Mps, Parte il Rimborso agli Obbligazionisti con il decreto del Tesoro

Ha preso il via, con un ritardo di un giorno, l’operazione di rimborso degli ex obbligazionisti subordinati del Monte dei Paschi. Gli obbligazionisti avevano sottoscritto 2,1 miliardi di euro del titolo al 2018, che è stato convertito in azioni per favorire il salvataggio della banca.

Il decreto del Tesoro prevede di acquistare nuove azioni in cambio di un nuovo bond garantito, così da favorire il ristoro. L’operazione continuerà fino alle 16.30 del 20 novembre e riguarda 237,69 milioni di azioni, circa il 20,84% del capitale.

L’offerta per gli obbligazionisti

Il provvedimento del governo è stato ritardato, causando così lo slittamento dell’offerta del Tesoro sui titoli. Questo scambio, per chi aderisce, prevede il cambio di bond senior, emessi per un tetto massimo di 1,5 miliardi di euroL’offerta viene rivolta ai piccoli risparmiatori, che si sono trovati nella crisi dell’istituto senese; sono stati colpiti dal cosiddetto “burden sharing” che è un meccanismo sui salvataggi bancari delle nuove norme Ue. Comporta la condivisione delle perdite da parte degli obbligazionisti.

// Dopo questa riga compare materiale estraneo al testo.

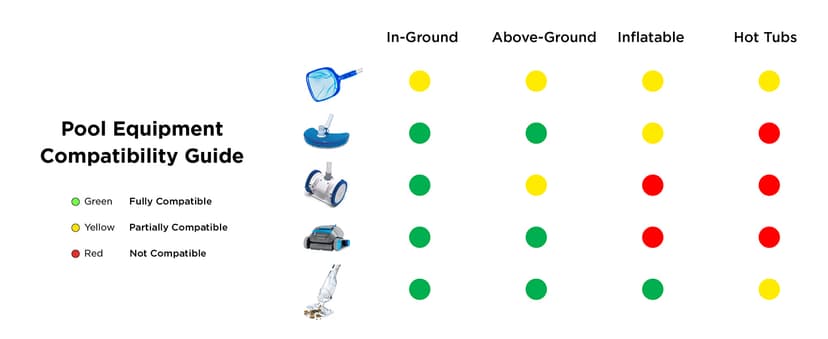 InoKraft Pool Vacuum for Above Ground Pool, Cordless Handheld Pool Vacuum for Inground Pools, Rechargeable Pool Cleaner with Powerful Suction up to 18.5 gallons/min, Ideal for Leaves, Debris, Blue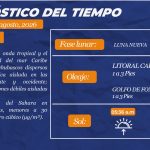 Estado del tiempo para hoy martes 18 de agosto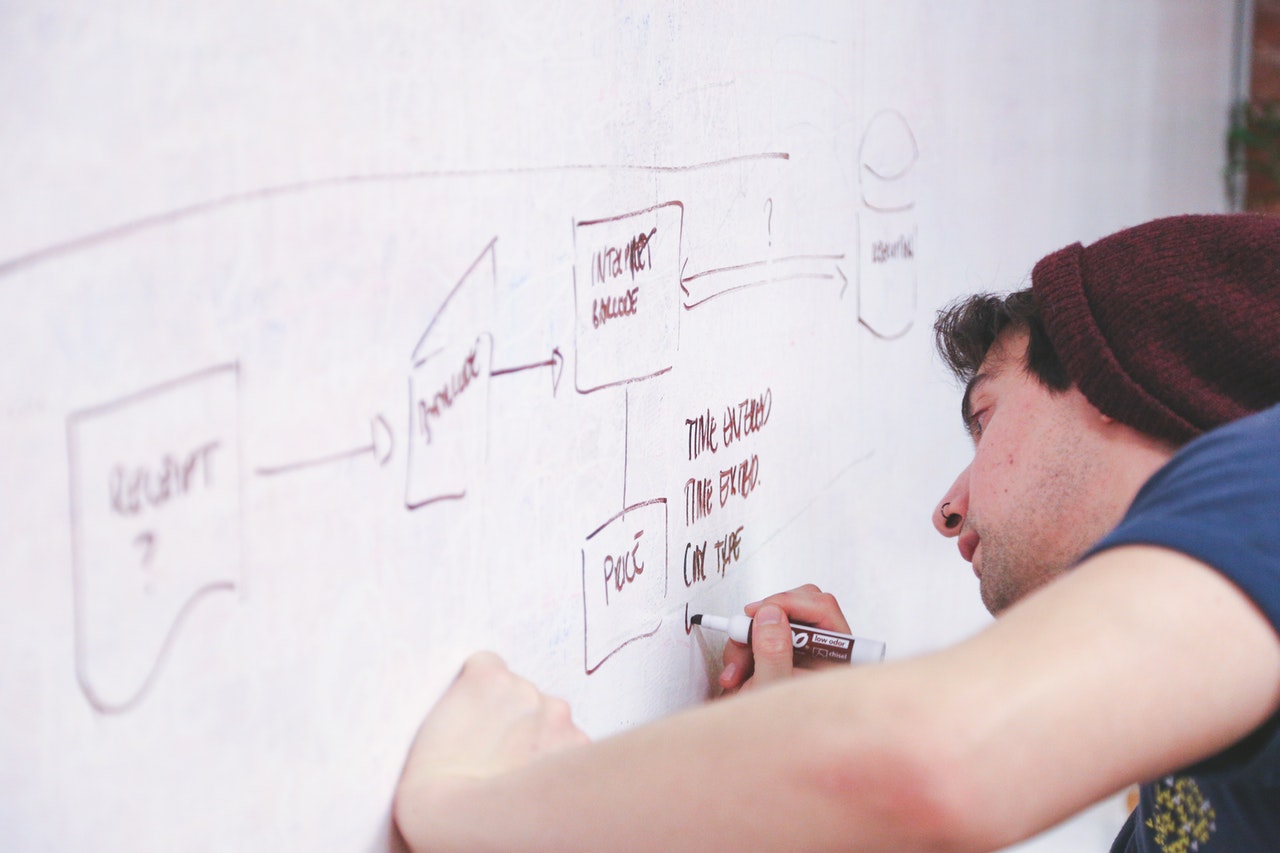 Six Sigma Business Process drawing on whiteboard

Non vengono coinvolti investitori professionali, né le controparti qualificate. Al fine di determinare quale sia il corrispettivo dell’offerta di scambio, la banca prende in considerazione il prezzo pagato per sottoscrivere il vecchio bond subordinato. E’ negato il rimborso per un valore nominale che risulta superiore a quel prezzo. E’ quindi necessario stabilire il prezzo pagato per vecchi titoli in base al costo medio ponderato del bond subordinato di ogni aderente al 31 dicembre 2015.

Rimborsato il valore delle “obbligazioni junior”

I risparmiatori, che sono circa 40 mila, restano in attesa, proprio loro che nel lontano 2008 si sono ritrovati i bond subordinati trasformati in azioni, così da accompagnare il salvataggio pubblico della banca, divenuta nel tempo un vero simbolo storico.

Rimborsi MPS

Rimborsi MPS

Questi azionisti “indiretti” quindi otterranno certificati di deposito, la cui scadenza è riconosciuta per il mese di maggio 2018, puntando su un titolo originario. Riavranno indietro il valore dedicato alle cosiddette obbligazioni junior. A ricomprare le azioni sarà proprio il Tesoro, attraverso il Monte, e pare che, qualora vi fosse un’adesione completa degli interessati, si potrebbe toccare la quota dell’Economia in Rocca Salimbeni del 70%. Vi è anche un’altra data importante per quanto riguarda la banca più antica del mondo: il rinnovo del Cda e dello statuto è previsto per il 19 dicembre. L’obiettivo è quello di evitare che i neo consiglieri si trovino ad approvare un bilancio interamente costruito nella precedente gestione.